7.7 Return of Capital of Member. In accordance with the Act, a Member may, under certain circumstances, be required to return to the Company, for the benefit of the Company's creditors, amounts previously distributed to the Member. If any court of competent jurisdiction holds that any Member is obligated to make any such payment, such obligation shall be the obligation of such Member and not of the Company, the Manager or any other Member.
7.8 Rights of holders of Termination Units. Holders of Termination Units shall have no voting rights with respect to any matters presented for vote to Members pursuant to this Agreement; provided that, if any matter, other than matters in respect of which the Manager exercises sole authority, is presented for vote to Members and the Manager determines, in the Manager's sole discretion, that an affirmative or negative vote on such matter, would disproportionately and adversely affect the holders of Termination Units, a Majority Vote of the Units and a Majority Vote of the Termination Units, with holders of each of Units and Termination Units voting as a separate class, will be required to approve such matter.
8. Resignation, Withdrawal or Removal of the Manager.
8.1 Resignation or Withdrawal of Manager. Subject to Section 9, the Manager shall not resign or withdraw as the Manager or do any act that would require its resignation or withdrawal without a Majority Vote of the Units.
8.2 Removal.
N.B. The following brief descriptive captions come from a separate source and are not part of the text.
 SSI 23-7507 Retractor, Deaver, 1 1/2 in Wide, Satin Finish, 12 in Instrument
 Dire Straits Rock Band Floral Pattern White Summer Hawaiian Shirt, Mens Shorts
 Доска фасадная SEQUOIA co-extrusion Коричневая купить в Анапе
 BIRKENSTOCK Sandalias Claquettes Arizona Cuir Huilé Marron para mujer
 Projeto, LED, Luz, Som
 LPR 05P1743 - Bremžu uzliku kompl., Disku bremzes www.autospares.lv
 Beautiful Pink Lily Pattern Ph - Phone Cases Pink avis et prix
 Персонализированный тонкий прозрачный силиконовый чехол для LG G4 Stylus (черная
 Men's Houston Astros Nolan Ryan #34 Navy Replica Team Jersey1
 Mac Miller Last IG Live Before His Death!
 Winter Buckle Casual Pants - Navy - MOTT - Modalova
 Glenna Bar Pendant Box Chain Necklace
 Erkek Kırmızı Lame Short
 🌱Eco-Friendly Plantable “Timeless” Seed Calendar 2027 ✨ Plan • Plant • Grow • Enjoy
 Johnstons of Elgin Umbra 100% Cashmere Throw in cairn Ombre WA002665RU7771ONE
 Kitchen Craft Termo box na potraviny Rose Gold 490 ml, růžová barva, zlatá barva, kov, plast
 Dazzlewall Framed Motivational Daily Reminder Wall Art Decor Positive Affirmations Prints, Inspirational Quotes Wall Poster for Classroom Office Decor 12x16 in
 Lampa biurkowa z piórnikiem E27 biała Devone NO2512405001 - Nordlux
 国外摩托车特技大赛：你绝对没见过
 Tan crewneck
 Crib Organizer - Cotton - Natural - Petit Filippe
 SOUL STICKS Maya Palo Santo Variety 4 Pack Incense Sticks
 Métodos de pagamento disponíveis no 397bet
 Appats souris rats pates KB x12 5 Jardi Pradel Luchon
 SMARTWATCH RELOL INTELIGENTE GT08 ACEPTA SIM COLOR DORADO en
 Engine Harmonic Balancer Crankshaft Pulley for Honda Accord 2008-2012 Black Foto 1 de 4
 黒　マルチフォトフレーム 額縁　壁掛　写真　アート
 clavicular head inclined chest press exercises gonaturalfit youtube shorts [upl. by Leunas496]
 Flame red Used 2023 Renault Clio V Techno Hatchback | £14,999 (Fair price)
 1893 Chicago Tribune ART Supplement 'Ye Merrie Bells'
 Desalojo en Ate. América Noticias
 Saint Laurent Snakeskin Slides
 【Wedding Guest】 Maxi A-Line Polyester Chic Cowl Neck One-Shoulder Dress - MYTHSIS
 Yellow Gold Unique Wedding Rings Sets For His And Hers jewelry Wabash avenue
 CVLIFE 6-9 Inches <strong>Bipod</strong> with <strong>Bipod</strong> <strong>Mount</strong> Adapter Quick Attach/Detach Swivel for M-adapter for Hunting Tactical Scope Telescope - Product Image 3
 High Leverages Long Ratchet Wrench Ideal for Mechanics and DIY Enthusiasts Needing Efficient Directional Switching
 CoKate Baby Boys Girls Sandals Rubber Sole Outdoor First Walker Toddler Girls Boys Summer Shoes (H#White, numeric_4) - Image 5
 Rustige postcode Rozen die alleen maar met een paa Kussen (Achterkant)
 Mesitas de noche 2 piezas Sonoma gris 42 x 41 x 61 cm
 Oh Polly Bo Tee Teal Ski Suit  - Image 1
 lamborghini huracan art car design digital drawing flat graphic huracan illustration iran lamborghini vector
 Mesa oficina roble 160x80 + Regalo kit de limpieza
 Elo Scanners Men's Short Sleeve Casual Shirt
The Manager may only be removed by a Majority Vote of the Units for fraud, gross negligence or willful misconduct.
8.3 Purchase of Manager's Interest. Upon the removal of the Manager pursuant to Section 8.2 or its termination, resignation or withdrawal, such Manager's (i) interest in the Distributions and allocations of Net Income and Net Loss set forth in this Agreement and (ii) its interest in its right to the earned but unpaid fees and other compensation remaining to be paid under this Agreement, shall be purchased by the Company for a purchase price equal to the aggregate fair market value of the Manager's interest determined according to the provisions of Section 8.4. The purchase price of such interest shall be paid by the Company to the Manager in cash within 60 days of the determination of the fair market value.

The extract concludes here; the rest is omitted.